Books I Read at High School
I watch the
American quiz show Jeopardy on cable and currently they have a Teen Tournament.
I am always amazed at the teenagers’ knowledge of literature in these
tournaments, and wonder if they read a
lot of the books that appear in the questions as part of the curriculum in
American high schools.
I then start thinking about the books that
were part of my high school curriculum way back in the seventies. The first
book I can remember having to read at high school was The Great Gatsby. If ever
a book failed to resonate with a reader, this was one. The only thing I got from it was a loathing
of novels about poor little rich people.
I think
somewhere about the same time I read Go Ask Alice, which was about a drug
addict who died, I think. As I was not planning to become a drug addict,
spending too much time playing golf, it said nothing to me.
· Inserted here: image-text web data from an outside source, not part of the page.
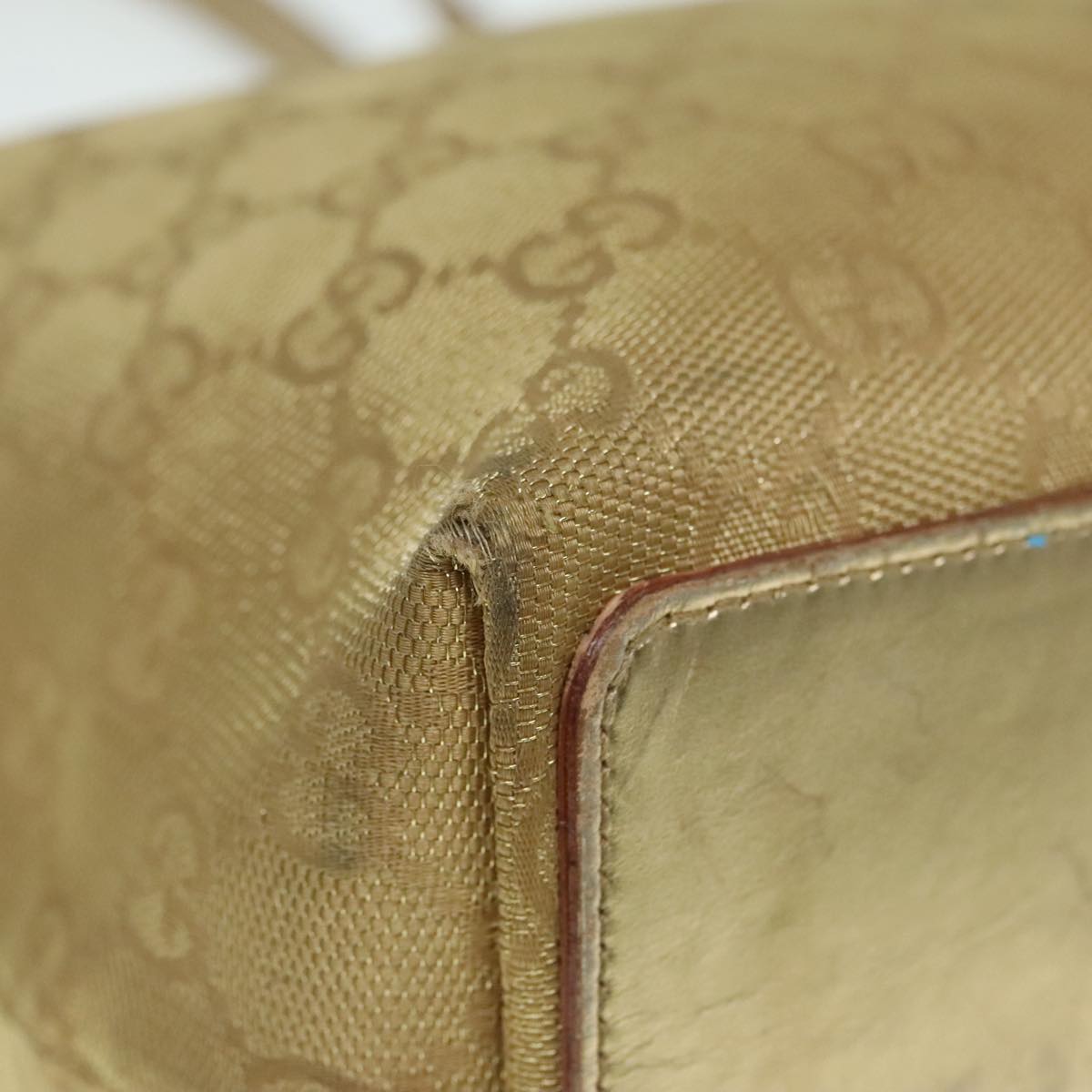 GUCCI GG Canvas Shoulder Bag Gold Tone Gold 0021099 91390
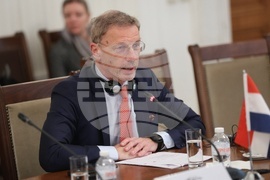 Парламент - Комисия по въпросите на Европейския съюз, Шенгенското пространство и Еврозоната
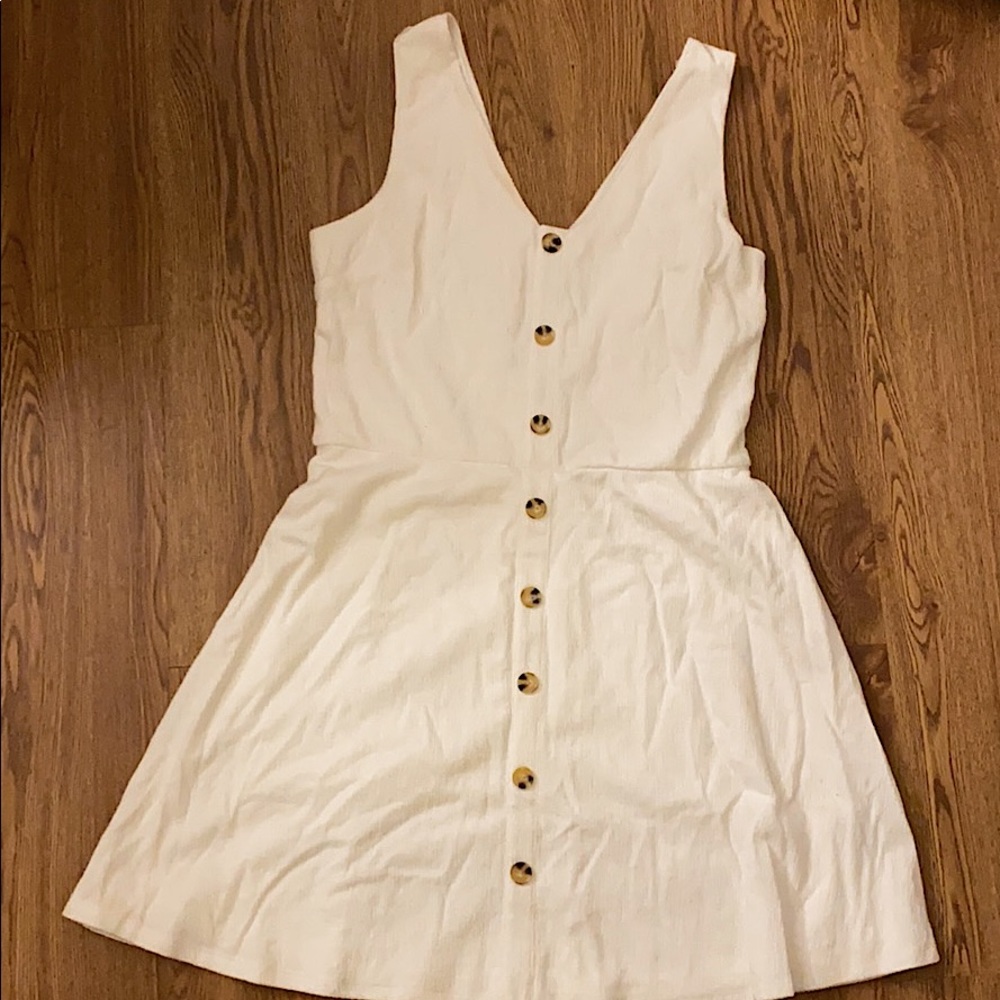 White mid-thigh dress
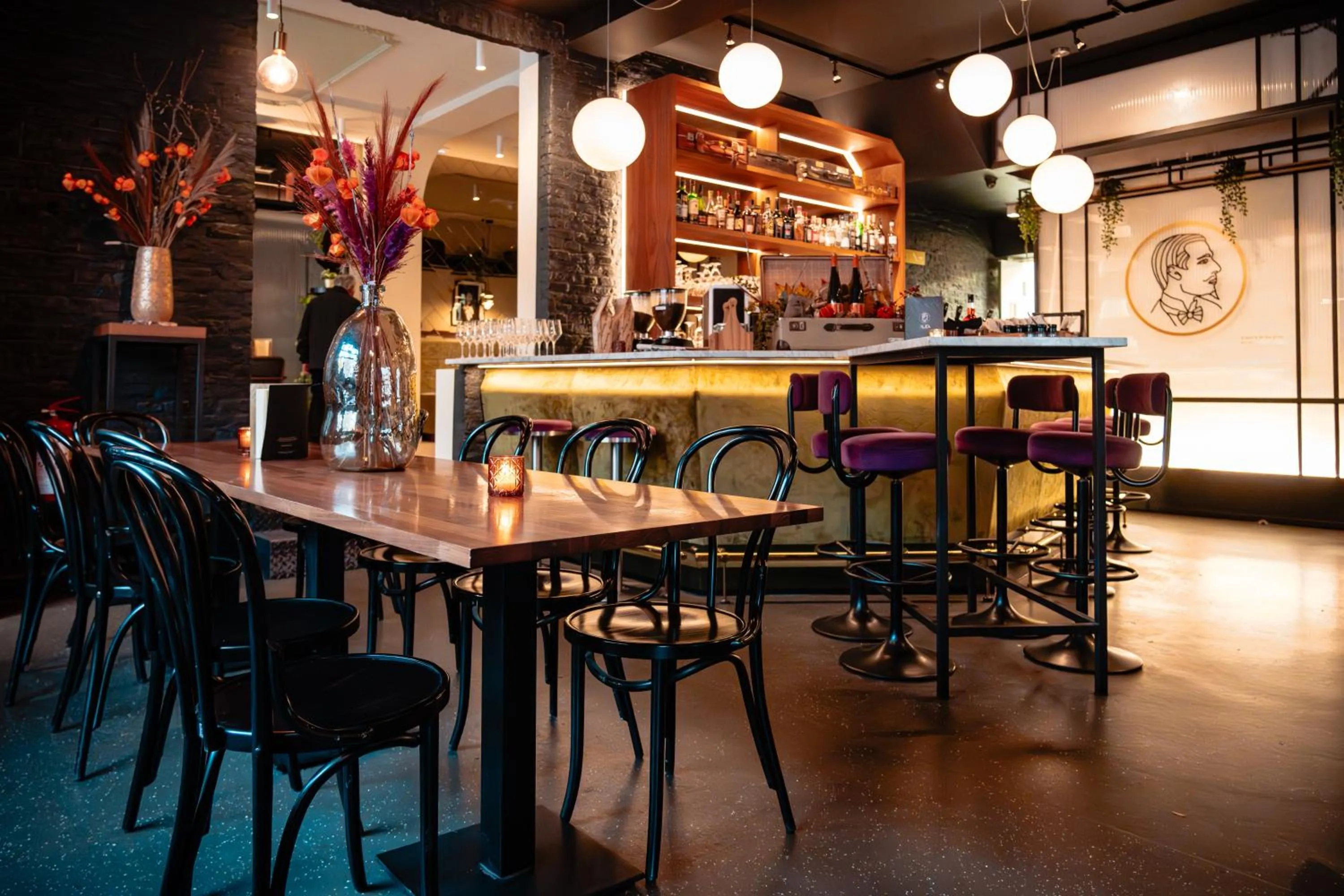 Restaurant/places to eat in Alex Maastricht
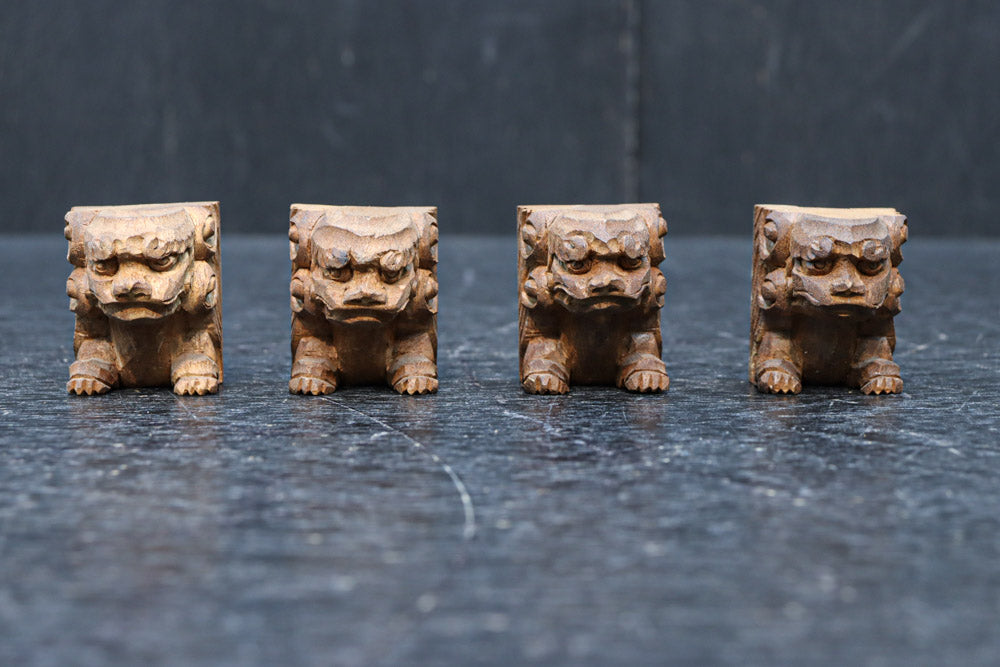 勇ましい表情に味わいが滲み出た小さな獅子の彫刻飾り　DC8361　在庫4個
Then I read Macbeth, I remember
enjoying the violence in the film they took us to watch, but the book failed to
excite my imagination.
In year ten, a
couple of decent books finally turned up. First was Lord of the Flies. Its
story really resonated as I was sure if my classmates and I were trapped on a
desert island, we would quickly turn against each other in a similar way to
what happened in the book. I was sure I would have wound up in Piggy’s group,
but I was relieved that I didn’t wear glasses.
Next we read 1984.
Now this was a book that changed my life. Someone else had finally noticed that
people were sheep. I already knew that Big Brother, in the form of peer group
pressure, had a pretty good grip on the people around me.
But then the
books deteriorate badly. I think in year
11 I had to suffer The Watcher on the Cast Iron Balcony. I remember being
disgusted by the homosexual elements of the novel. I was still a very naïve country
lad at the time, the type who went to university and saw that the cinema there
had free “Gay” films on. I went expecting to see a comedy.
I had to
write an essay about Watcher and I chose a topic which asked whether it was all
just crude sensationalism. I agreed it
was. My teacher did not, and gave me an “F”. Thinking the rat was in the cage
and I might fail English, I rewrote the essay saying what I thought Big Brother
wanted to hear and received a C-, which was a pass in those days.
But then, to
my absolute horror, in year 12 we wound up with two very similar novels to
Watcher. One was A Difficult Young Man, another poor little rich boy story. The other was A Kind of Loving, to
which my sole response was: why does the
girl eat so many oranges?
So it would
seem that most of the Victorian 1970’s English curriculum novels were wasted on
me. I often wonder if that is the case
with other people. If only I had access
to information on the web back then, then I could have just co-opted Big
Brother’s opinion on them.
Did you struggle to find relevance or empathise with the themes of most of
the novels in in your high school curriculum? Did one novel in particular, back
then, resonate with you and have you thinking, I always thought that?